**RECORDS FOR THIS TASK**
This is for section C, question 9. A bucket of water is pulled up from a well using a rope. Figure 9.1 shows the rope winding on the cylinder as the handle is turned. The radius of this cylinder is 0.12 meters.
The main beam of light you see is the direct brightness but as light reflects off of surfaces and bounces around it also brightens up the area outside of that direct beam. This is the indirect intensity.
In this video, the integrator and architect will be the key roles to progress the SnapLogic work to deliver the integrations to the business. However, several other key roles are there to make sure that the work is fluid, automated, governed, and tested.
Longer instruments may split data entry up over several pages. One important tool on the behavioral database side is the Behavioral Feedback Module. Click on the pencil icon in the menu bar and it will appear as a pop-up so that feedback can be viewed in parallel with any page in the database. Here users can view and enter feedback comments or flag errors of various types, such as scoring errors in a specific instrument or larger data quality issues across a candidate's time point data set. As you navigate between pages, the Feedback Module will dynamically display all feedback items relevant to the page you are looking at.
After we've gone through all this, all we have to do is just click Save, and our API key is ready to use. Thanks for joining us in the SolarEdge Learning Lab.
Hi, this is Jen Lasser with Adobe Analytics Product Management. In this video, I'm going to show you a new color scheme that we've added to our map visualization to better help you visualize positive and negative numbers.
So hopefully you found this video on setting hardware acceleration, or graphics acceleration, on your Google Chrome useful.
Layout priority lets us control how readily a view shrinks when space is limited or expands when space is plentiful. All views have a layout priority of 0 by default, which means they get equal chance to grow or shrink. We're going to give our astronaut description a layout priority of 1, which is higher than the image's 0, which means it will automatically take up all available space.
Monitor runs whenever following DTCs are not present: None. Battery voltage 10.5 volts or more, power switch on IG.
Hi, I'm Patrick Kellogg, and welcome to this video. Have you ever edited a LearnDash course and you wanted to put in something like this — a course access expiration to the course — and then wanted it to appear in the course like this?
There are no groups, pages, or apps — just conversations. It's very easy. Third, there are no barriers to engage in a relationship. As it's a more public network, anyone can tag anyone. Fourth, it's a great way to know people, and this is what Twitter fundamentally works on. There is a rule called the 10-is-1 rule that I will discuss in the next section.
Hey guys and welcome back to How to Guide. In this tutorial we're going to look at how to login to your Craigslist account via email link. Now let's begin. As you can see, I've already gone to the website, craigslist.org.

**ABOUT THIS EXERCISE**
Starting at the line that contains "Hi, I'm Patrick" and ending at the last line of the data, repeat each line exactly; include nothing else.

**WRITTEN RESPONSE**
Hi, I'm Patrick Kellogg, and welcome to this video. Have you ever edited a LearnDash course and you wanted to put in something like this — a course access expiration to the course — and then wanted it to appear in the course like this?
There are no groups, pages, or apps — just conversations. It's very easy. Third, there are no barriers to engage in a relationship. As it's a more public network, anyone can tag anyone. Fourth, it's a great way to know people, and this is what Twitter fundamentally works on. There is a rule called the 10-is-1 rule that I will discuss in the next section.
Hey guys and welcome back to How to Guide. In this tutorial we're going to look at how to login to your Craigslist account via email link. Now let's begin. As you can see, I've already gone to the website, craigslist.org.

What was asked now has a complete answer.